→ What to work on
For every record, give an exact copy that has no pictures in it.

Data supplied Start Marker

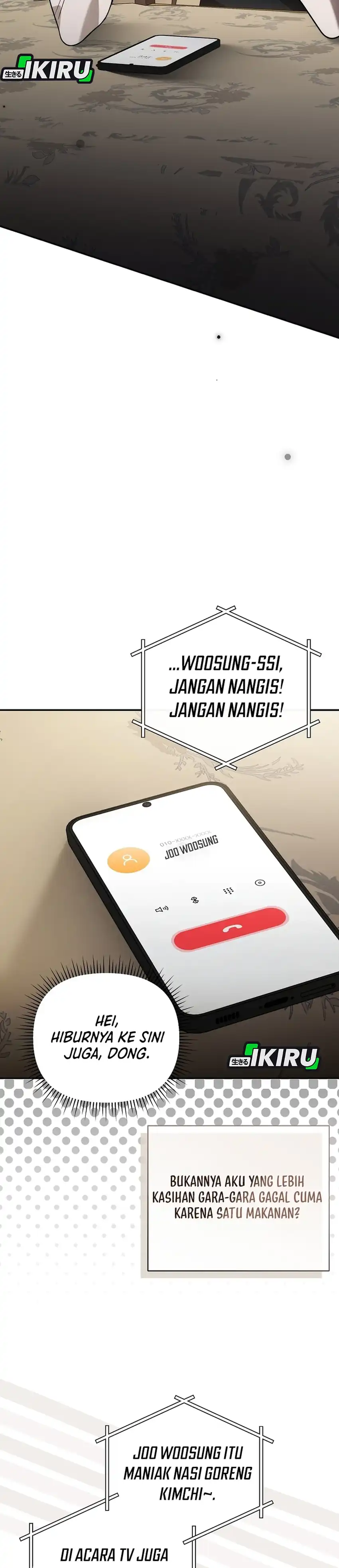 Baca Surviving as a PD Idol - Chapter 49 halaman 29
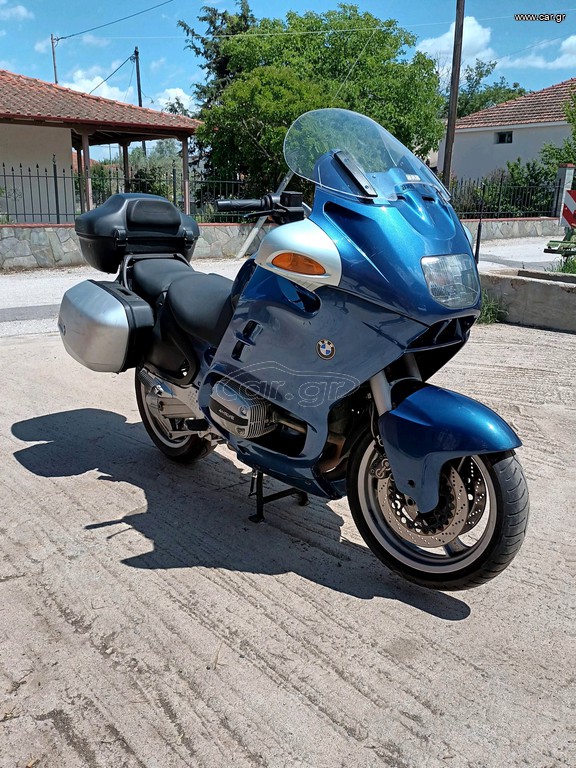 Bmw R 850 RT 2000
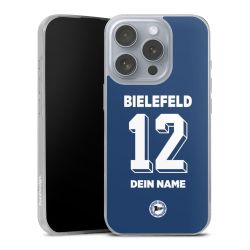 Silikon Slim Case transparent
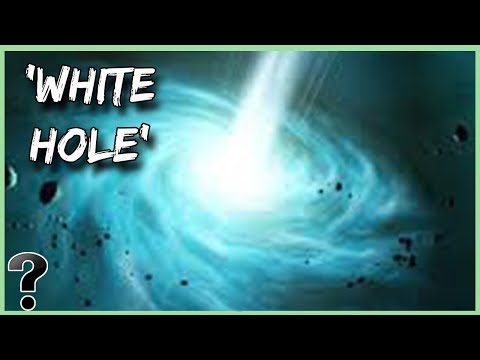 Are White Holes Real?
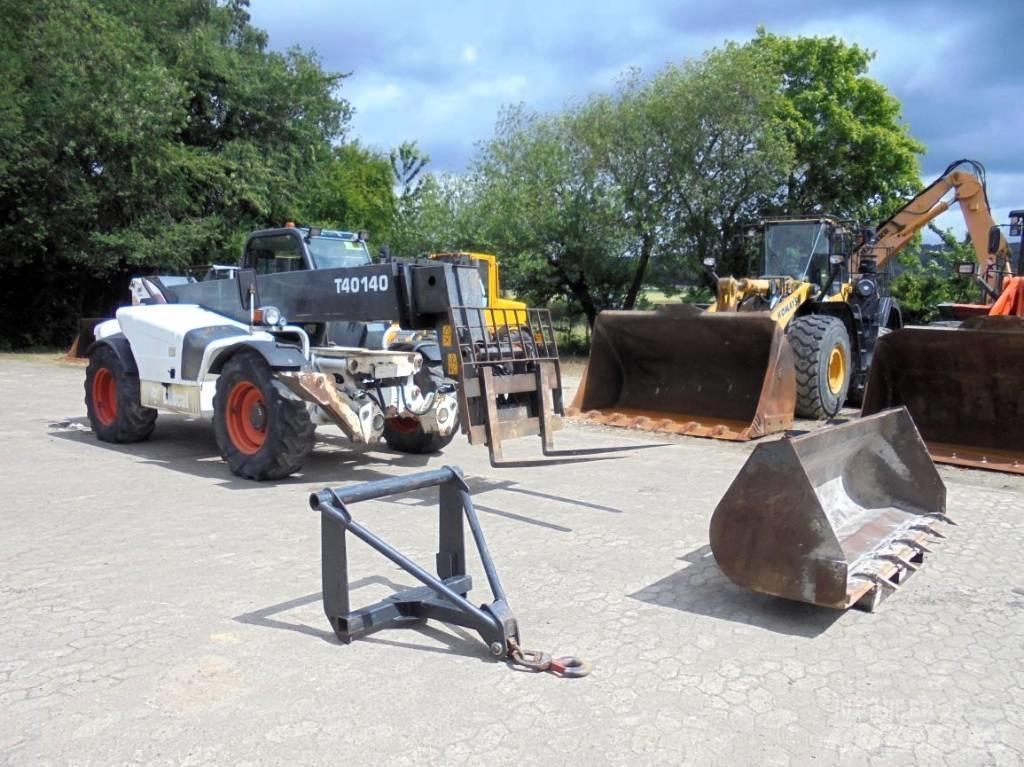 Bobcat T 40.140 伸縮臂操作車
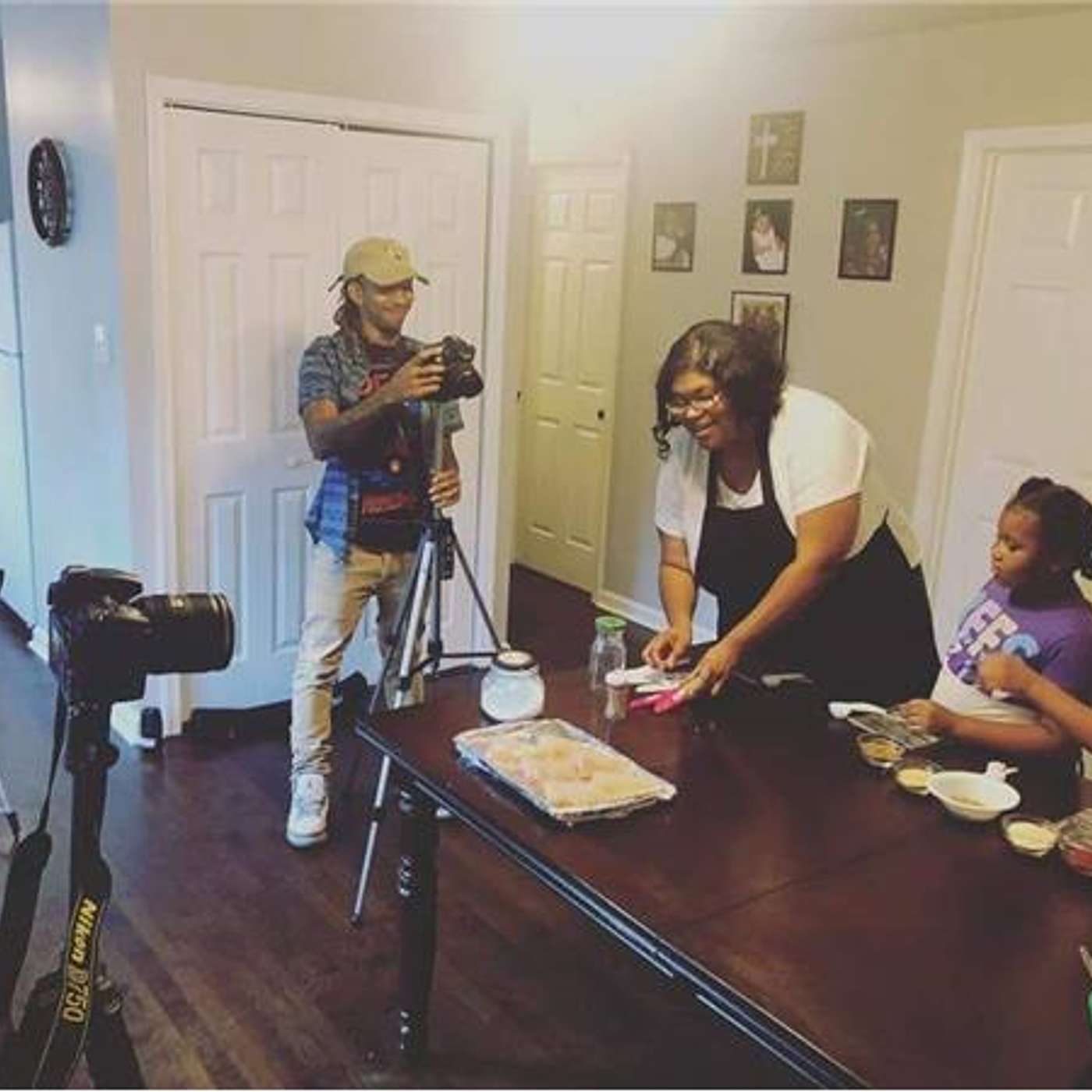 The Sharvette Mitchell Radio Show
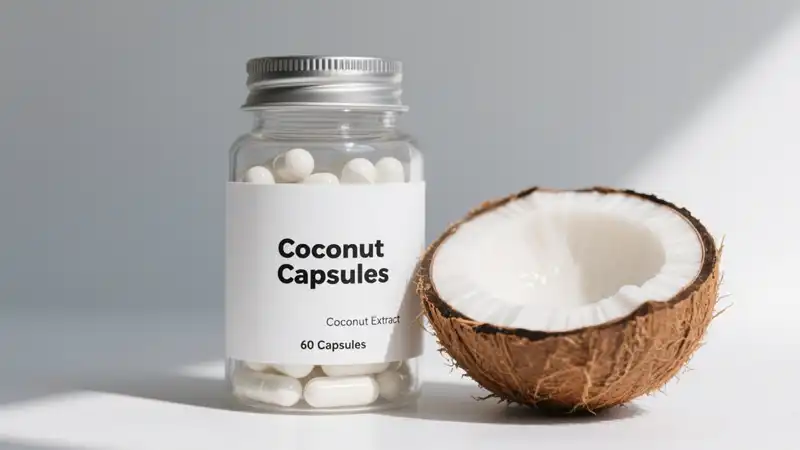 Coconut Tablets  Coconut Tablets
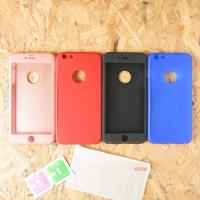 ราคา เคสประกบ 360 องศา พร้อมฟิล์มกระจกนิรภัย iphone 6plus/6s plus (783728347)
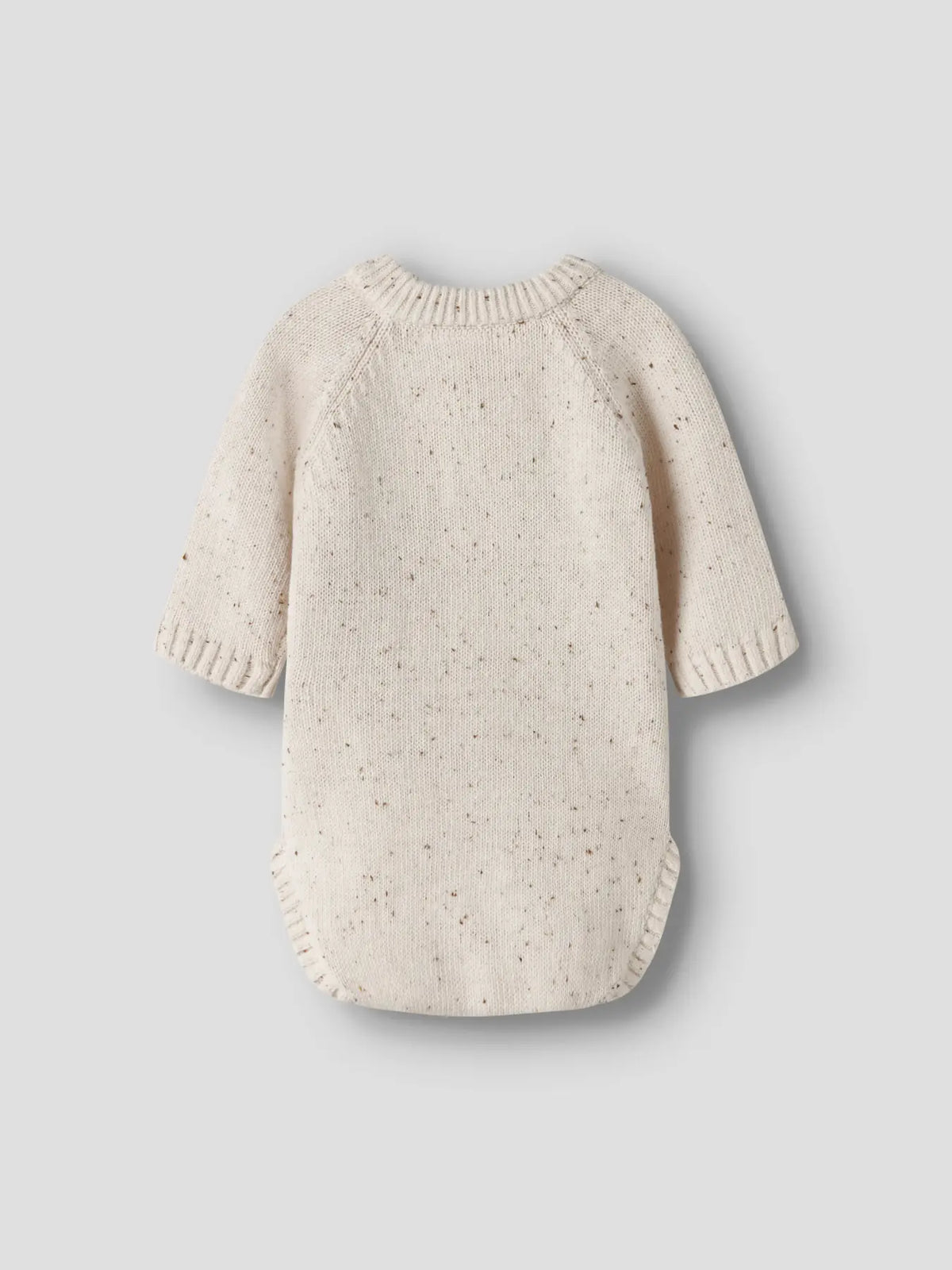 Lil'Atelier - knit body Bear - turtledove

Data supplied End Marker

→ Task result
 Baca Surviving as a PD Idol - Chapter 49 halaman 29
 Bmw R 850 RT 2000
 Silikon Slim Case transparent
 Are White Holes Real?
 Bobcat T 40.140 伸縮臂操作車
 The Sharvette Mitchell Radio Show
 Coconut Tablets  Coconut Tablets
 ราคา เคสประกบ 360 องศา พร้อมฟิล์มกระจกนิรภัย iphone 6plus/6s plus (783728347)
 Lil'Atelier - knit body Bear - turtledove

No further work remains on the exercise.